Common Reasons For a Dog Going Off-course
One of the most disappointing faults in an agility run is where the dog goes off course in spite of what the handler considers to have been great handling. Unfortunately, the handlersí reaction to this is often a reason for the dog learning to run slowly and carefully around the agility course, sometimes for the rest of his/her career. Before blaming the dog for this transgression please consider the following may have occurred and remember that what you do in the ring for this run will directly affect his or her next performance:
Handler took her eyes off her dog
Command was issued too late
Command was not clearly given
Dog was not trained for the challenge
Handler used ambiguous body language, such as leaning forward when she really wanted the dog to arrest forward movement, waving an arm towards a wrong obstacle in order to “help” her dog, glancing toward an obstacle to which she did not want the dog to go
Handler did not know where she was going in time to give proper guidance
Dog has been given many rewards for performance of a particular obstacle and very few for the performance of another
In order to avoid the same pitfalls as this handler you should always:
Keep your eyes on your dog, except while making a very quick and efficient blind cross
Issue commands in a timely manner, i.e. in a jumping sequence the dog needs to know where to go while he is in the air over the previous jump
Give commands clearly and with confidence and gusto
Move rapidly in the direction you wish the dog to go
Train the dog better before competing
Stand up straight if you don’t want the dog to push on faster
Keep your arms to yourself unless you are very proficient at using them close to your body. Square your shoulders towards the obstacle you would like the dog to address
Learn the course well and then go where you want to go. Do not worry about where you don’t want to go
Keep a balance in rewarding obstacle performance, i.e. don’t just give rewards or praise for contacts, but sometimes for jumps and tunnels, table etc.

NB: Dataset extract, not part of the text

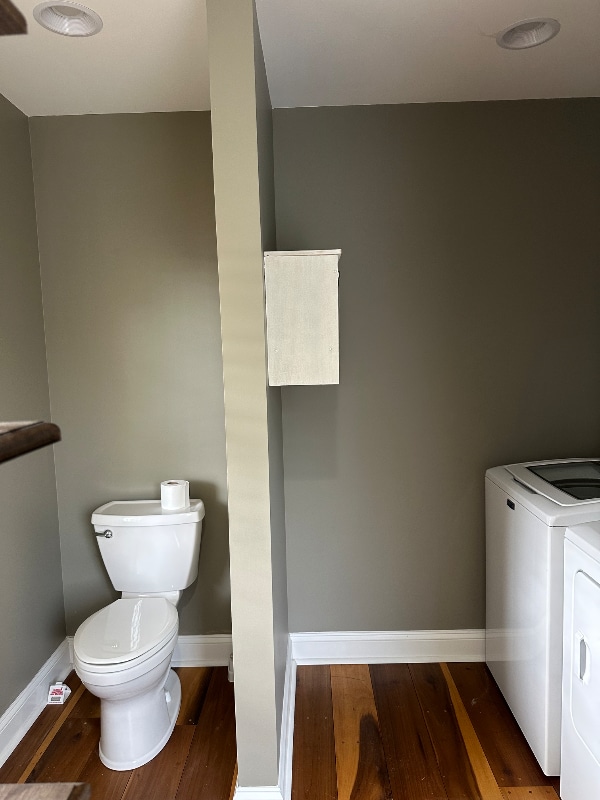 Photo - 10600 Big Cynthiana Rd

Particularly useful when using the “Here!” command, always be sure that your hands respond to the command before you expect your dog to do so! One of the most common errors is for the handler to be yelling “Here!” while their arm is waving toward the direction the dog is, of course, going
Most importantly, for all but the hardest headed dog, if your dog goes the wrong way, please go with him or her and keep running, thereby preserving his or her positive attitude.